Ne touchez pas à nos écrivains Par Abdou Semmar

Redaction

Du côté de Tizi-Ouzou, plusieurs conférences programmées ont été annulées coup sur coup. A priori, leur caractère culturel ne fait aucun doute puisque les démarches administratives et réglementaires ont été accomplies.
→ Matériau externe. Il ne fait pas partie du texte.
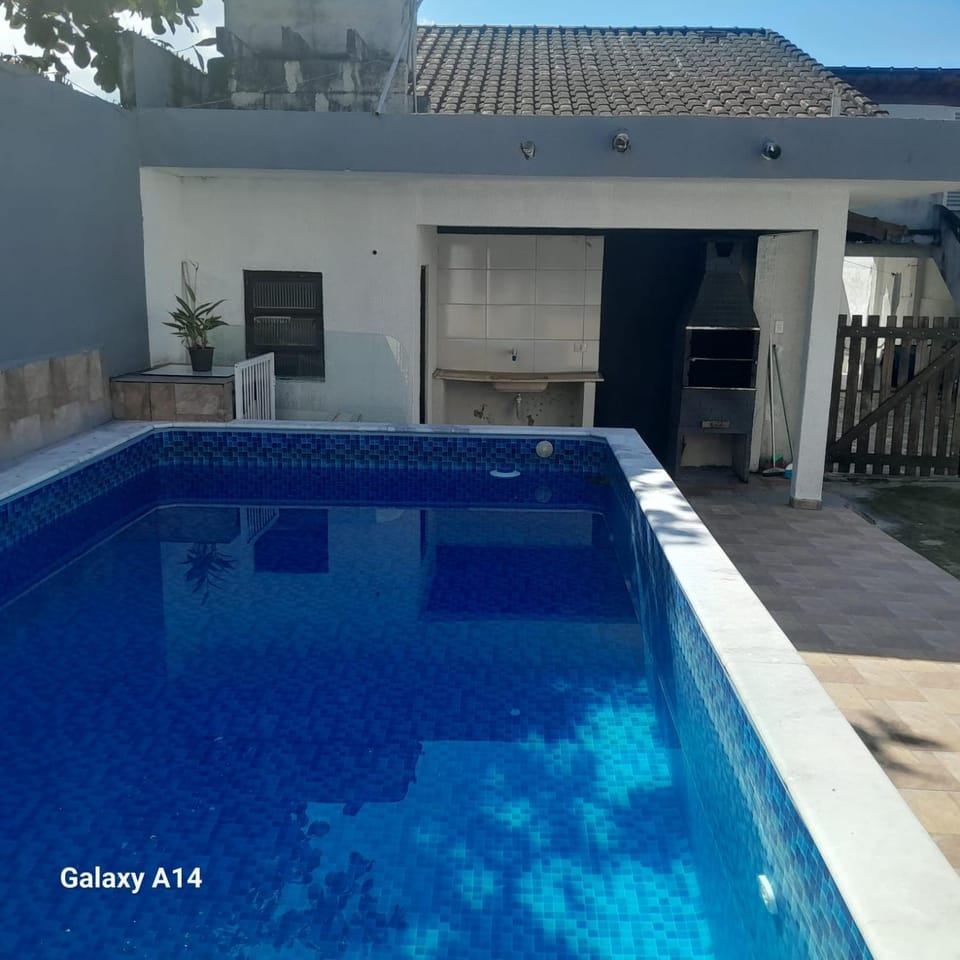 Casa na praia com Piscina e churrasqueira House in Itanhaém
C’est le cas précisément pour celle que devait animer Kamel Daoud à l’occasion de la sortie de son dernier livre « Mes indépendances », dont on sait qu’il regroupe des chroniques publiées dans le Quotidien d’Oran entre 2010 et 2016. Ce qui apporte la preuve qu’elles n’ont rien d’illégal ni de subversif puisqu’elles ont déjà été publiées, lues et commentées.

 

Le chef de daïra dans la wilaya de Tizi-Ouzou, en s’opposant de fait à la présence de Kamel Daoud, a prononcé un véritable oukaze à son encontre puisque cette interdiction n’a été accompagnée d’aucune justification officielle. Décidément notre meilleure plume provoque toujours des allergies et des soupçons de plus en plus évidents, consécutifs probablement à son succès planétaire. Voici donc venu le tour des lanceurs d’anathèmes après celui des lanceurs de fatwas.

 

L’auteur ferait donc peur à ce point ?

 

Au reste, quand bien même ne partagerait-on ni ses idées, ni ses analyses, ni ses fréquentations, en quoi cela empêcherait-il le débat ? Quand bien même ne serions-nous pas de son avis sur lecture de l’actualité, sur sa vision de l’évolution du monde, sur l’orientation ou l’absence d’orientation politique de notre pays, en quoi cela empêcherait-il la confrontation d’idées et le débat ouvert.

 

En réalité, nous souffrons toujours d’un handicap sérieux ; celui de confondre débat et pugilat, échange d’idées et échange d’insultes, comme s’il fallait qu’obligatoirement du débat sortît un vainqueur et un vaincu. Nous confondons bien souvent, adversaire avec ennemi, partisan et courtisan, contradicteur et opposant parce que tout simplement nous avons perdu le sens des nuances, alors que la langue arabe et la langue française ont ceci de commun qu’elles sont riches de la subtilité et de la polysémie de leurs vocabulaires.

 

Un conférencier est sollicité pour donner son avis, exposer ses idées, faire partager ses connaissances, explorer des domaines qui nous intéressent. On va l’écouter avec l’innocence de celui qui veut apprendre et la curiosité de celui qui veut savoir, mais jamais avec l’intention de gober tout ce qu’il va nous raconter. On ne va pas aux conférences pour se faire endoctriner. Dans ce cas, on parle de meetings, de réunions militantes ou de séances d’envoutement.

 

Or, on n’est pas du tout dans ces configurations et Kamel Daoud n’est ni un gourou, ni un nouveau prophète ni un illuminé. C’est un témoin de notre temps qui nous renvoie une image du monde et une image de nous-mêmes. Si cette image ne nous convient pas, on peut essayer de la corriger par le dialogue constructif et par une argumentation solide, mais on ne doit aucun cas accuser l’observateur ; en l’occurrence, le conférencier.

 

En d’autres termes, on ne guérit pas l’eczéma en brisant le miroir et on ne fait pas baisser la température en insultant le thermomètre.

 

Vouloir échapper à son image, n’est pas ce qu’on pourrait appeler une manifestation de courage et on a besoin du regard de l’autre pour mieux se connaître. Le seul préalable qu’il faudra poser c’est le droit d’exiger de l’observateur extérieur une totale objectivité et donc une entière indépendance vis à vis des groupes de pression ; à commencer par celui du Pouvoir politique. Ce sont des conditions somme toute objectives et réalistes qui présentent l’avantage de poser les bases les plus solides d’un débat ouvert et fructueux.